Bupati Klaten Hamenang Wajar Ismoyo mengatakan, sangat senang karena daerahnya dipilih menjadi perwakilan untuk menggelar acara tersebut. Terlebih, ada perwakilan dari 40 negara di dunia, bahkan dihadiri oleh duta besar dari Belanda dan Jerman.
"Tentunya ini menambah semangat kita bersama untuk untuk menjadi tuan rumah yang baik di acara ini," ujarnya.
Hamenang mengamini pernyataan Sumarno, bahwa manfaat dari kegiatan tersebut sangat besar untuk daerah. Utamanya adalah menjadi sarana promosi Kabupaten Klaten dan Provinsi Jawa Tengah di dunia internasional.
Selain itu, juga menghadirkan tren bersepeda di tengah melonjaknya harga BBM dunia akibat situasi global. Bersepeda bisa menjadi salah satu solusi mengatasi hal tersebut.

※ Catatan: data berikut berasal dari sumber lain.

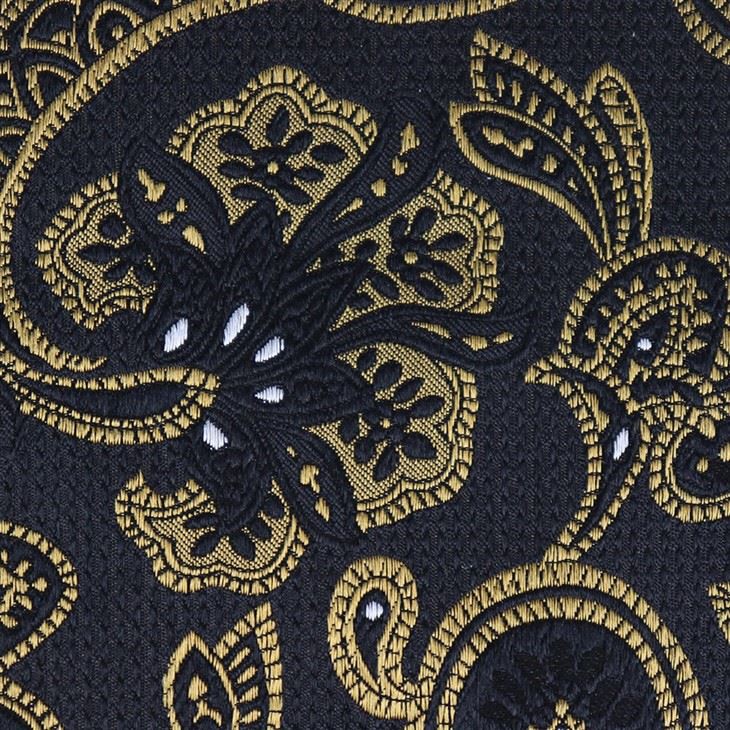 Burgundy Paisley Pocket Square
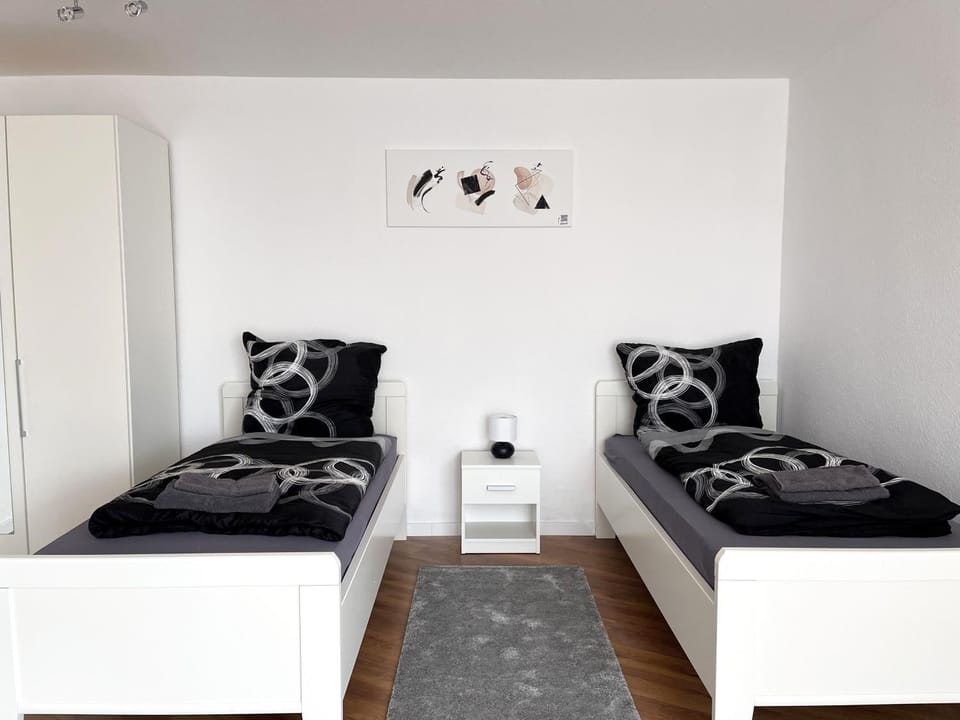 Bed, Bedroom, wardrobe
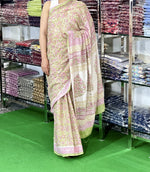 Block printed mul cotton sarees (jaipur factory sale)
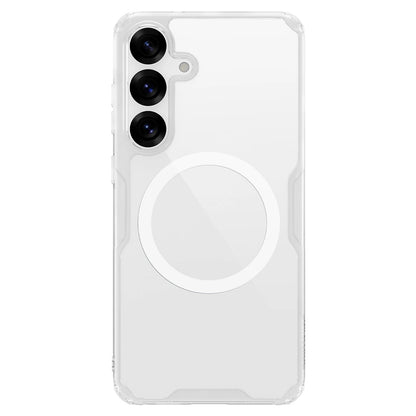 Nillkin Nature TPU Pro Magnetic Case with MagSafe for Samsung S25 - White_0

"Setelah ini kita bersama-sama bisa kembali menggeliatkan bersepeda. Mungkin kalau hanya jarak 1 sampai dengan 5 kilometer putar-putar di antar desa, kegiatan antar desa, datang ke rapat RT, RW, belanja di sekitar bisa menggunakan sepeda," urainya.
Pengurus IVCA Jateng, Sukarno Pandu menjelaskan, event kali ini diikuti oleh sekitar 100 peserta IVCA yang berasal dari 40 negara. Mereka akan mengendarai sepeda klasik ke desa-desa di kawasan Prambanan.

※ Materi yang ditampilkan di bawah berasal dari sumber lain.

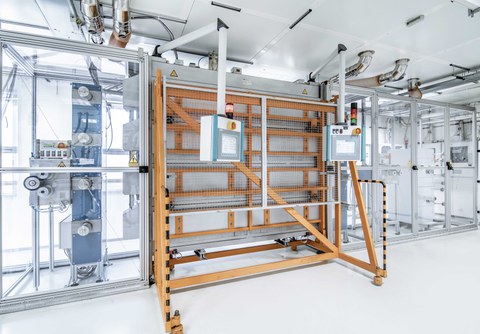 Stabilisierungsanlage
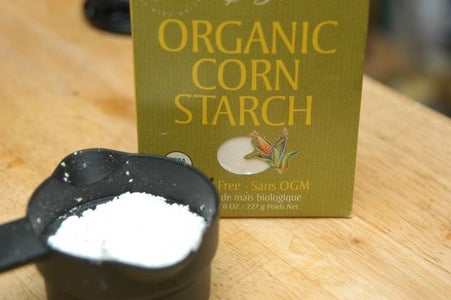 Making the Filling, Initial Ingredients.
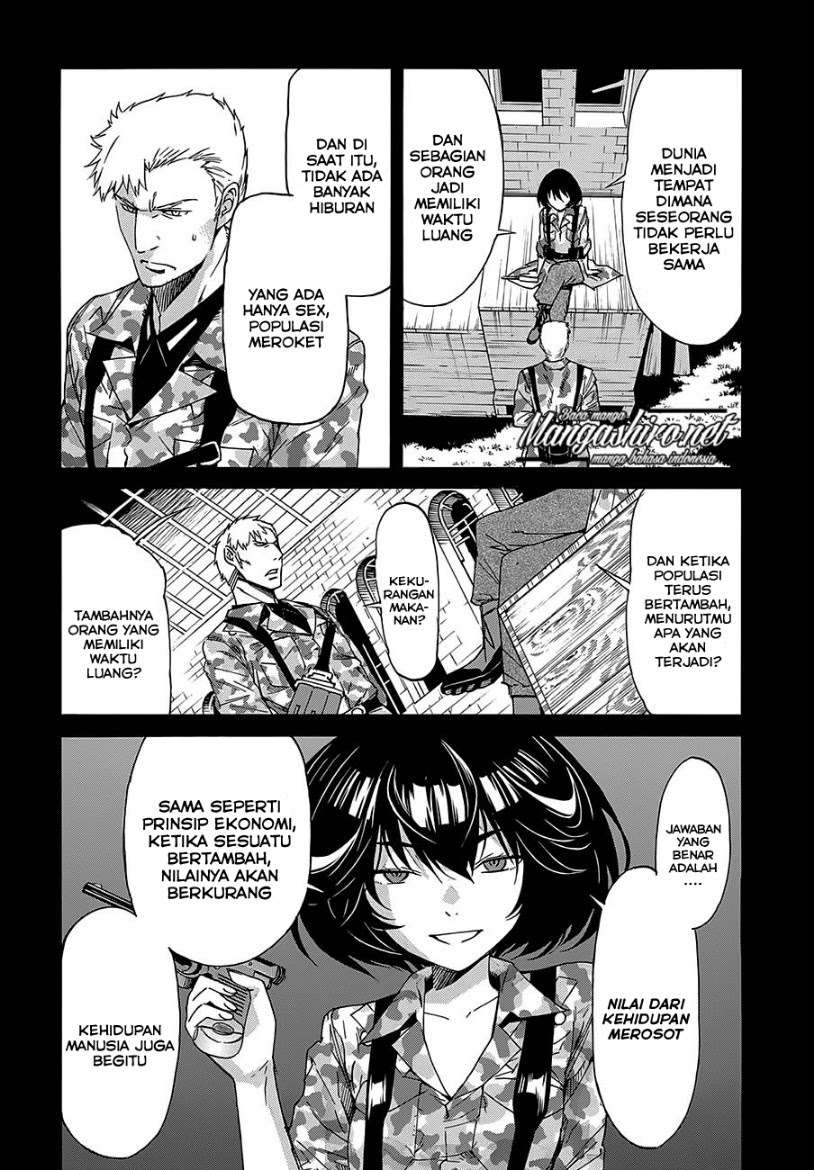 Gun x Clover Chapter 54 Gambar 8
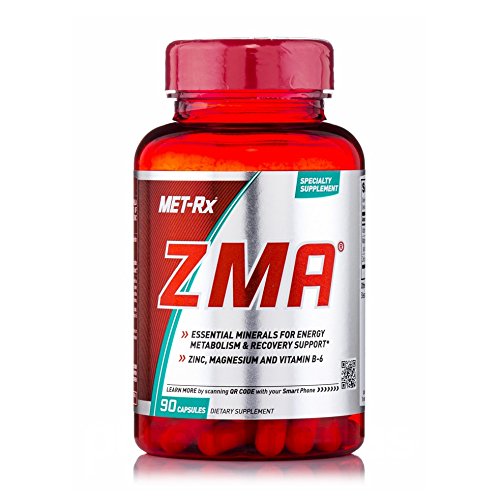 Read more about the article MET-Rx® ZMA, 90 count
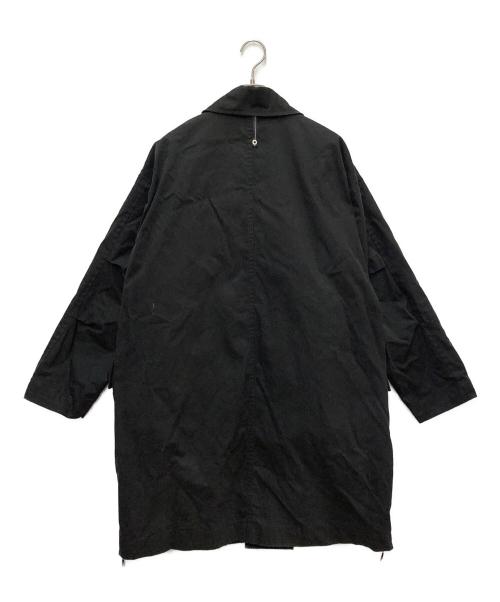 emulation（エミュレーション）emulation (エミュレーション) エクスパンションコート ブラック サイズ:Sの古着・服飾アイテム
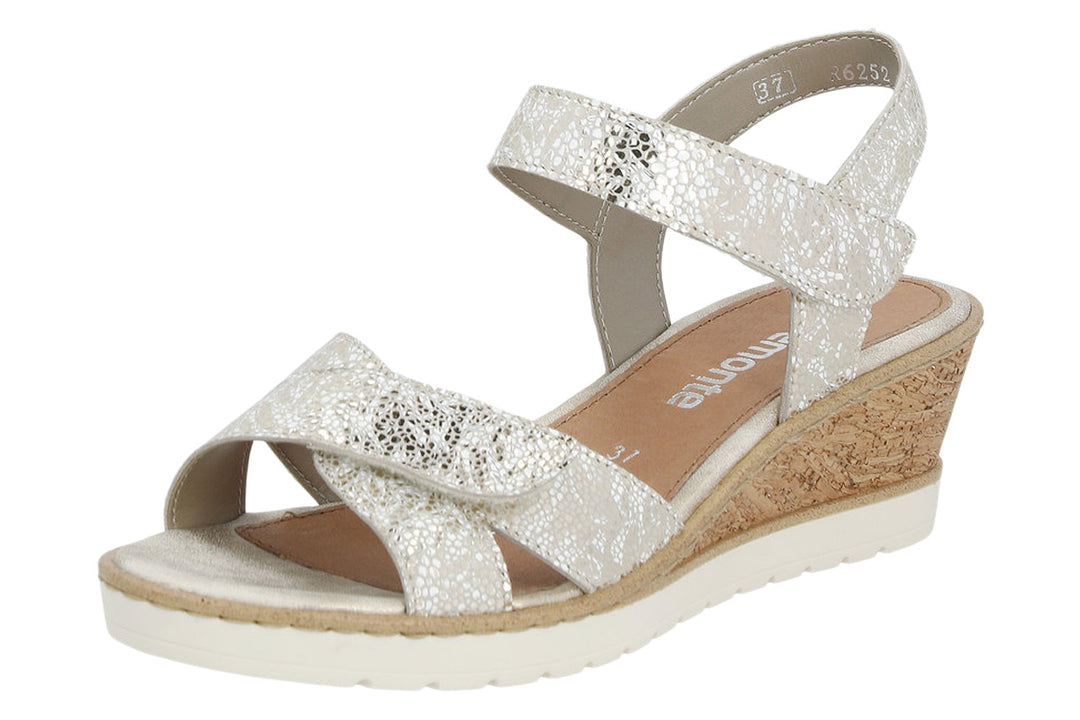 Remonte R6252 Silver Womens #color_metallic-silver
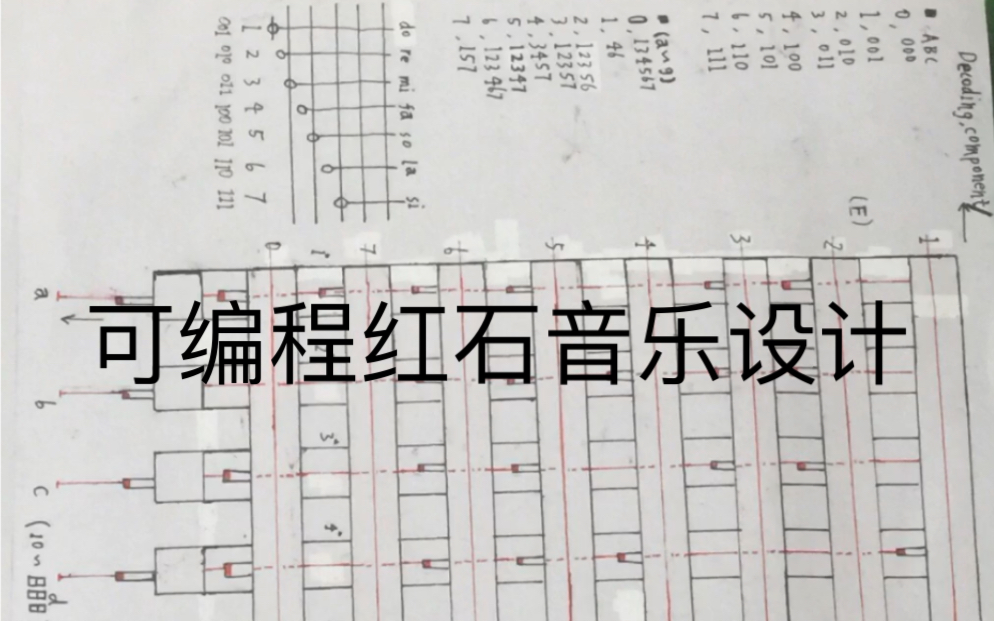 可编程红石音乐设计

Rombongan pengonthel IVCA 2026 itu pun menyita perhatian masyarakat desa sekitar Prambanan. Mereka juga antusias mengikuti rangkaian kegiatan yang diadakan di setiap desa.
Saat berada di desa Kemudo, para peserta IVCA 2026 menikmati suguhan musik gamelan, makanan, tarian dan permainan tradisional. Bahkan, duta besar, sekda dan bupati, sempat merasakan pengalaman membatik, dengan menorehkan goresan unik pada satu lembar kain.
Gelaran IVCA 2026, rencananya akan berlanjut pada hari Minggu, 24 Mei 2026 mendatang. Para peserta akan berbaur dengan sekitar 15 ribu masyarakat dari berbagai daerah di Jawa Tengah. Rencananya, mereka akan menyusuri desa sekitar Prambanan, dengan rute sekitar 26 kilometer.